• What you will do:
Only the lines from the one bearing "Hot sale 30pcs" through the end of the entries should be output, exactly as they stand, and pictures should be skipped.

********

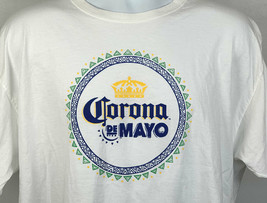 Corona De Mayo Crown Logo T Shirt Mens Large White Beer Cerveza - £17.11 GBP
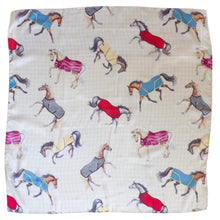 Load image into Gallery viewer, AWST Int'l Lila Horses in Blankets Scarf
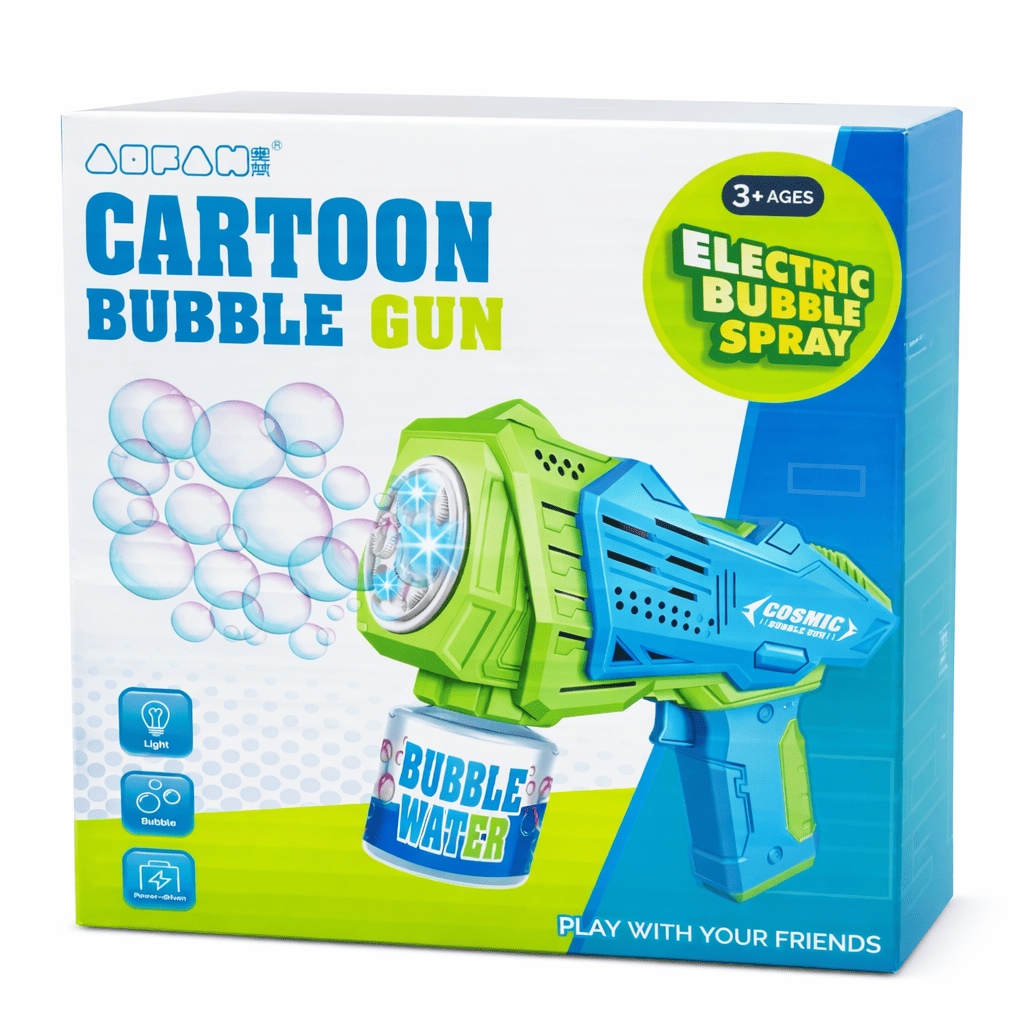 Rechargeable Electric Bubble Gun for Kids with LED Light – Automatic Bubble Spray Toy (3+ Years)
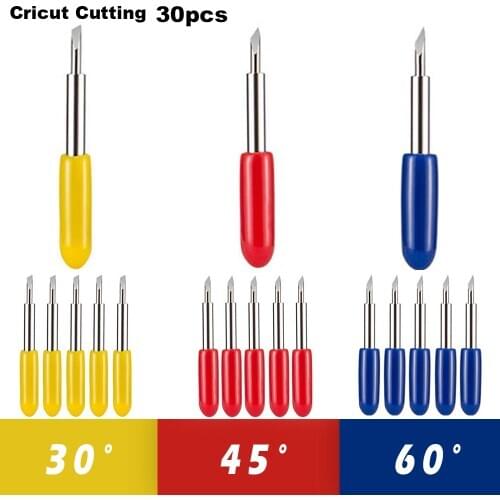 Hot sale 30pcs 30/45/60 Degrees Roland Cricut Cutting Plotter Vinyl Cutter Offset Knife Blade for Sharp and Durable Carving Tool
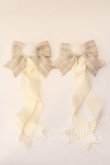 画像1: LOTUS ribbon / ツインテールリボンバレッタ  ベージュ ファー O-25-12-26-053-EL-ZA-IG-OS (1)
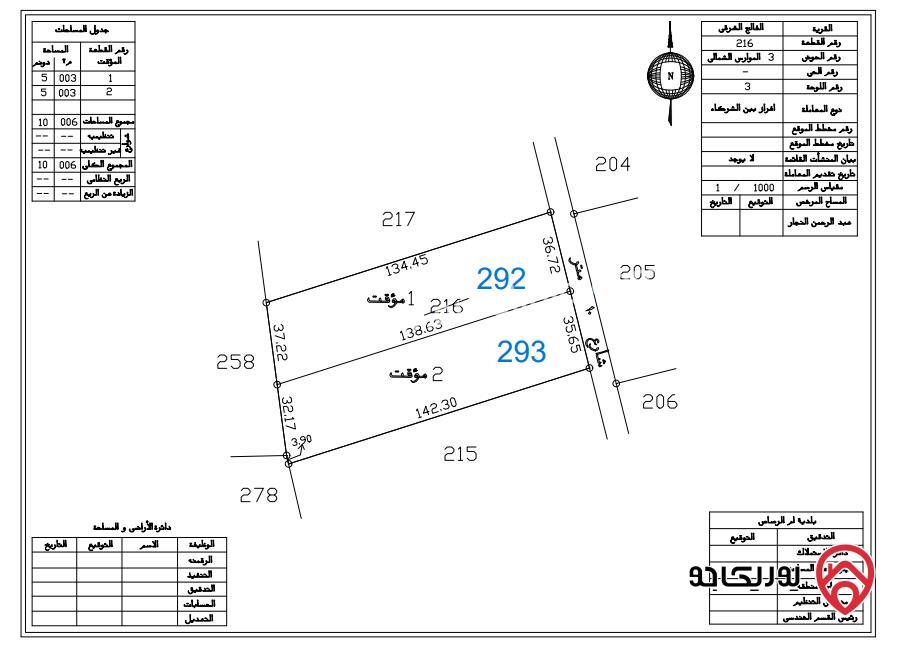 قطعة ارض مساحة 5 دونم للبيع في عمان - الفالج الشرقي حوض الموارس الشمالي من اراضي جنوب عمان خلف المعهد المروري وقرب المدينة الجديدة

********

• Worked solution:
 Hot sale 30pcs 30/45/60 Degrees Roland Cricut Cutting Plotter Vinyl Cutter Offset Knife Blade for Sharp and Durable Carving Tool
 画像1: LOTUS ribbon / ツインテールリボンバレッタ  ベージュ ファー O-25-12-26-053-EL-ZA-IG-OS (1)
 قطعة ارض مساحة 5 دونم للبيع في عمان - الفالج الشرقي حوض الموارس الشمالي من اراضي جنوب عمان خلف المعهد المروري وقرب المدينة الجديدة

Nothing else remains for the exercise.